1. Reportage:
Belgian Justine Henin’s posts neatly traced the ecstasy-to-agony of advancing in a Grand Slam tournament as its touted comeback queen—and then failing. First up, there was jubilant tweeting: “Happy after this first victory! I felt very good on the court… Let’s go step by step!!
Good night everybody!” This was updated with the news that she was enjoying, “this sunny day off with my family before the big match tomorrow!” Alas, it was not to be. The match up, with fellow Belgian former retiree Kim Clisters, left Henin forlornly tweeting. “Difficult wake up this morning… ;-( Take the plane back to Belgium this morning… Thanks for your support, your messages”—of which there were 266 on her official Facebook page at time of writing.
2. Self (and sibling) Promotion:

Never shy about Tweeting forward (especially if it will sell a few books): Green Day fan Serena Williams
“My book “COME TO WIN” is in bookstores today,” frothed second-seed titan Venus Williams in a tweet. Fair enough, but scroll down for more of the none-too-subtle same, like the earlier, poetic refrain: “If you would like to get a sneak peak or learn more about my new book, Come to Win, visit…[blatant plug excluded]”. Her top-seed sis Serena was little better in the shameless-promo stakes, spouting the following blatant pluggery: “Thank you for purchasing my book but now you have to buy Vee’s book.” Sisters are doing it for themselves, as Annie Lennox once sang – and each other, it seems.
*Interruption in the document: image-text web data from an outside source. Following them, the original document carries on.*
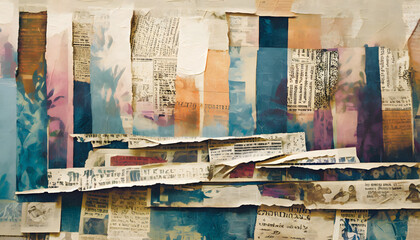 Paint a collage of scenes with the textures of aged newspaper clippings, using oil technique. Generative AI.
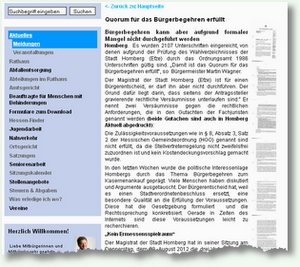 Bürgermeisterinformation zum Bürerentscheid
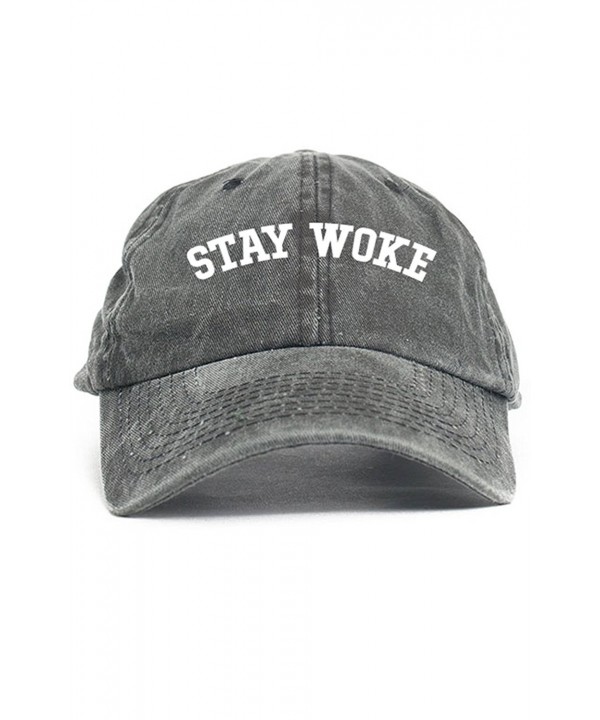 Stay Woke Custom Unstructured Dad Hat-Black Denim - CD12O7W0V56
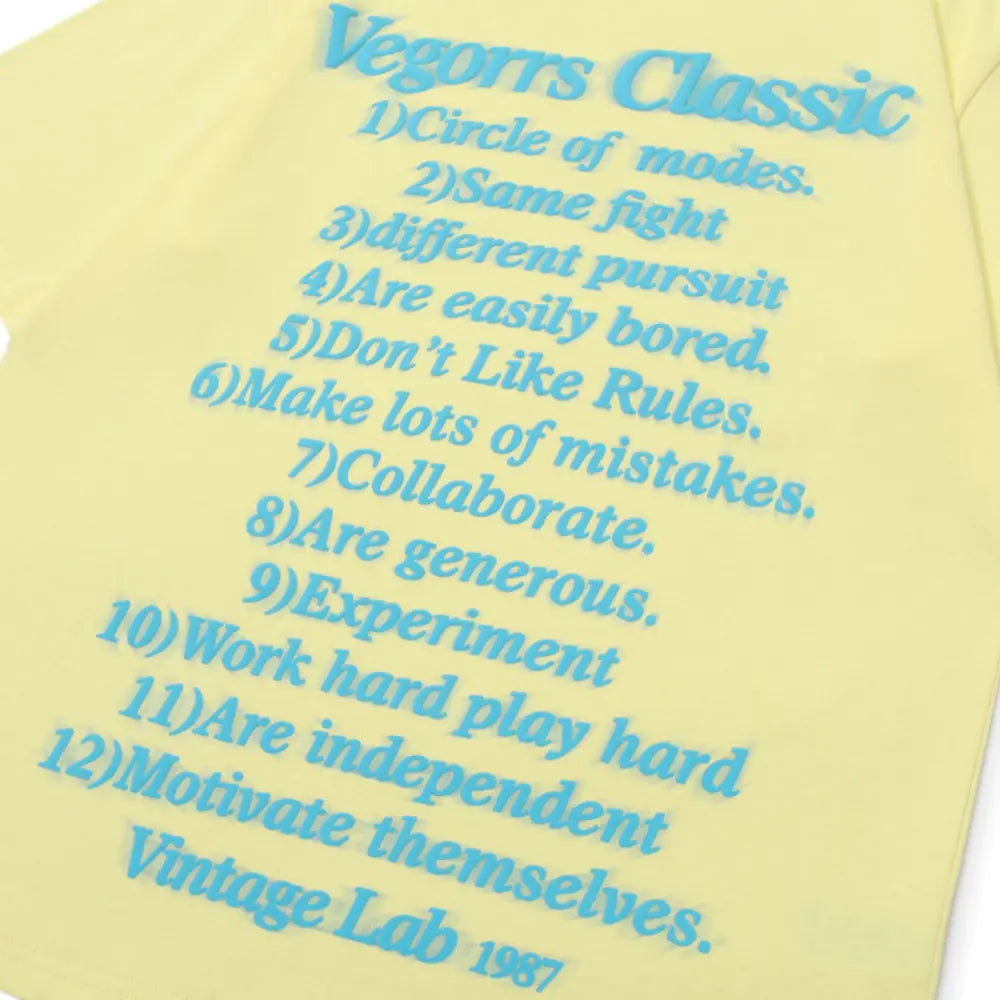 Unisex Lemon Yellow Graphic Letter T-Shirt, Vintage Y2K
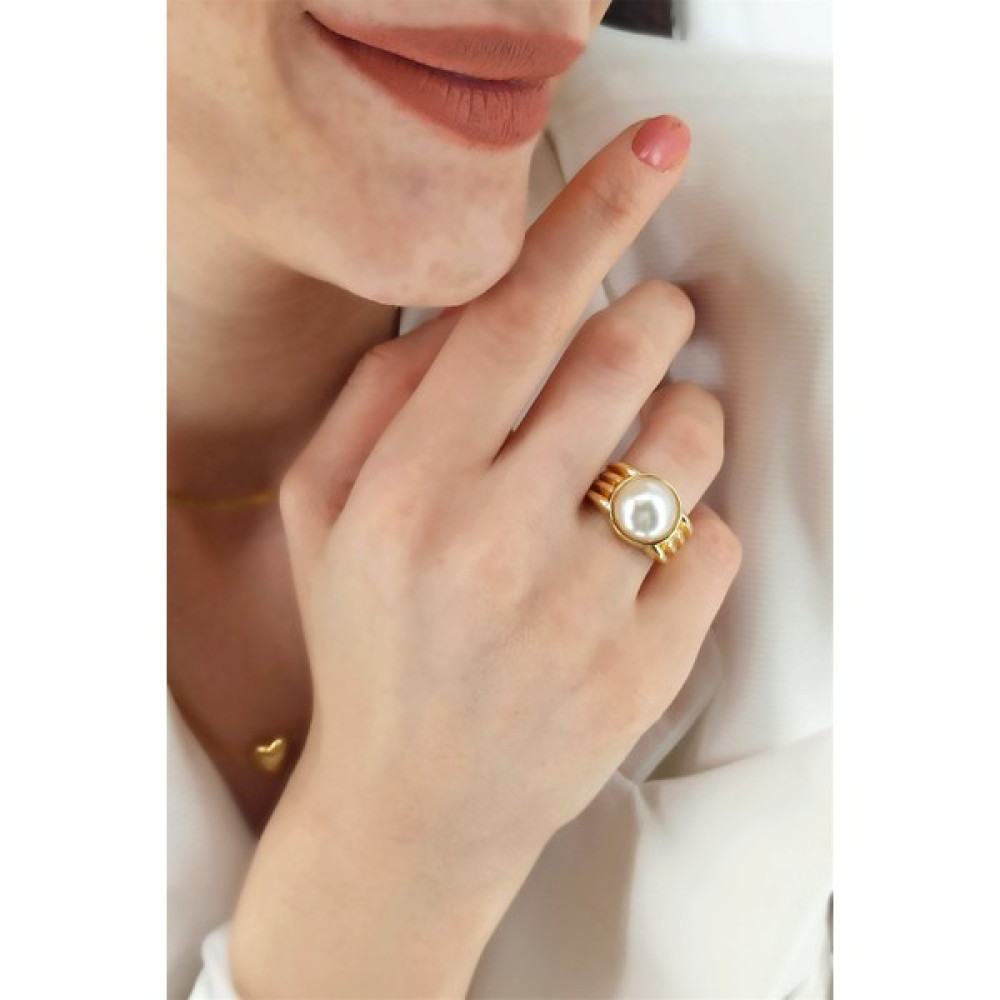 ÇLK Accessories Ayarlanabilir Bombeli Inci Yüzük TRYÜZÜK1266 - Gold - Standart Bijuteri Yüzük Fiyatı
At least the elder Williams sister got to blow off steam at a Green Day concert, enthusing, like an overexcited teenager, about an apparent encounter with the band’s drummer on 20 Jun: “Omg just talked to Tre Cool with @greenday!!! So happy!!” Bless.
3. Cross-Sport Twitter
World number four, Britain’s Andy Murray, tweeted his response to England’s World cup woes, on 27 June posting: “How on earth has the linesman and referee missed that?!Regardless of no technology, that mistake should never happen, worst mistake ever” The topic? Frank Lampard’s goal-that-never-was on the way to England’s 4-1 defeat by Germany. The British football and tennis love-in went fully cross-court when he reported that, among good luck messages flooding his tweet-box, it is obviously, “Always nice to get one from david beckham.” (Graciously, though, Murray was straining “to read them all!”) When it came to the business of being “Second on centre court tomorrow,” Murray tweeted, somewhat regretfully, “Not up to much tonight. Food and rest. Exciting.”
Top-ranking American player Andy Roddick also focused on the football—tweeting on the Lampard travesty: “this is unreal…” before lamenting FIFA’s continued snubbing of the kind of technological aids helping eliminate such errors in his own sport: “I mean is it even a possibility that they dont have replay in the next world cup?” He later attached a sarcastically retouched pic to the message: “What the linesman and the referee saw in Frank Lampard’s disallowed goal in today’s game. “LOLOL!” indeed – until, that is, Roddick’s hopes of making a second successive Wimbledon final were ended by Taiwan’s unseeded Yen-Hsun Lu. The world number 82 becomes Asia’s first Grand Slam quarter-finalist since Japan’s Shuzo Matsuoka in 1995. China’s Li Na has also made it to the Wimbledon quarterfinals after beating Poland’s Agnieszka Radwanska.